When you bit left-shift a 32-bit constant and assign it into a long type, signed values are sign-extended and unsigned values are zero-extended. The examples in the table below show the effects of performing a bit-shift on both 32- and 64-bit constants, using the following code segment:

long l=constantL<<1;

Initial Constant Value Constant Value after Bit-Shift
32-bit 64-bit
0x7FFFFFFFL (INT_MAX) 0xFFFFFFFE 0xFFFFFFFE
0x80000000L (INT_MIN) 0 0x100000000
0xFFFFFFFFL (UINT_MAX) 0xFFFFFFFE 0x1FFFFFFFE



Unsuffixed constants can lead to type ambiguity that can impact other parts of your program, such as the result of sizeof operations. For example, in 32-bit mode the compiler types a number like 4294967295 (UINT_MAX) as an unsigned long. In 64-bit mode, this same number becomes a signed long. To avoid this possibility, explicitly add a suffix to all constants that have the potential of impacting constant assignment or expression evaluation in other parts of your program. The fix for the above case is to write the number as 4294967295U. This forces the compiler to always see that constant as an unsigned int regardless of compiler mode.



Assignment of Long Variables to Integers and Pointers
Using int and long types in expressions and assignments can lead to implicit conversion through promotions and demotions, or explicit conversions through assignments and argument passing. The following should be avoided:

* Using integer and long types interchangeably, leading to truncation of significant digits or unexpected results.
* Passing long arguments to functions expecting type int
* Exchanging pointers and int types, causing segmentation faults.
* Passing pointers to a function expecting an int type, resulting in truncation.
* Assignment of long types to float, causing possible loss of accuracy.

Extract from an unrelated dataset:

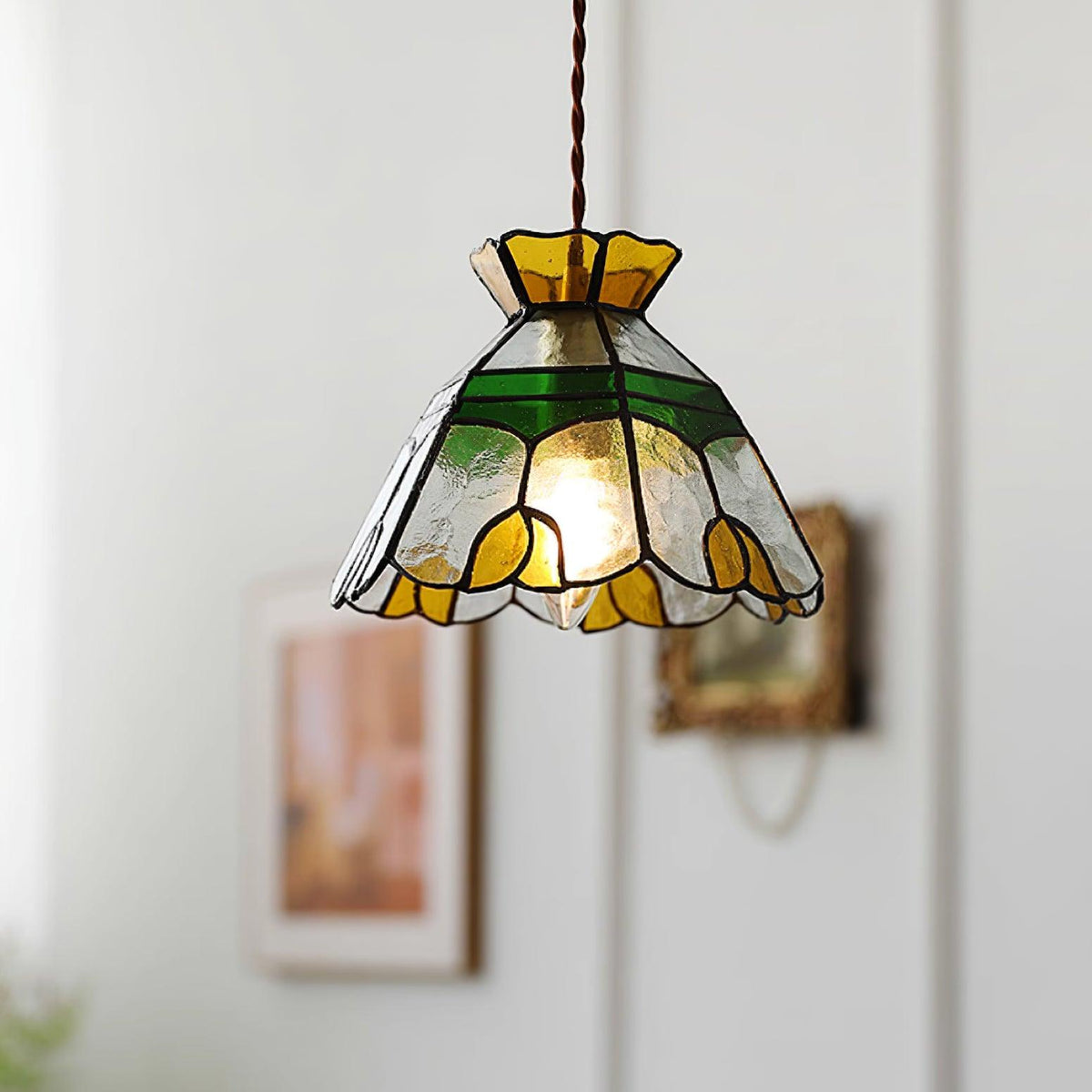 Coriva lampă suspendată din sticlă colorată, în stil modernist de la mijlocul secolului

Assigning a long constant to an integer will cause truncation without warning. For example:

int i;
long l=2147483648; /* INT_MAX+1*/
i=l;

What will be the value of i? INT_MAX+1 is 2147483647+1 (0x80000000), which becomes INT_MIN when assigned into a signed type. Truncation occurs because the highest bit is treated as a sign bit. The rule here is that there will be a loss of significant digits.

Similar problems occur when passing constants directly to functions, and in functions that return long types. Making explicit use of the L and UL suffix will avoid most, but not all, problems. Alternately, you can avoid accidental conversions by using explicit prototyping. Another good practice is to avoid implicit type conversion by using explicit type casting to change types.



Undeclared Functions
Any function that returns a pointer should be explicitly declared when compiling in 64-bit mode. Otherwise, the compiler will assume the function returns an int and truncate the resulting pointer, even if you were to assign it into a valid pointer.

Code such as:

a=(char *) calloc(25);

which used to work in 32-bit mode will in 64-bit mode will now silently get a truncated pointer. Even the type casting will not avoid this because the calloc has already been truncated after the return.

The fix in this case is to include the appropriate header file, which is stdlib.h and not malloc.h.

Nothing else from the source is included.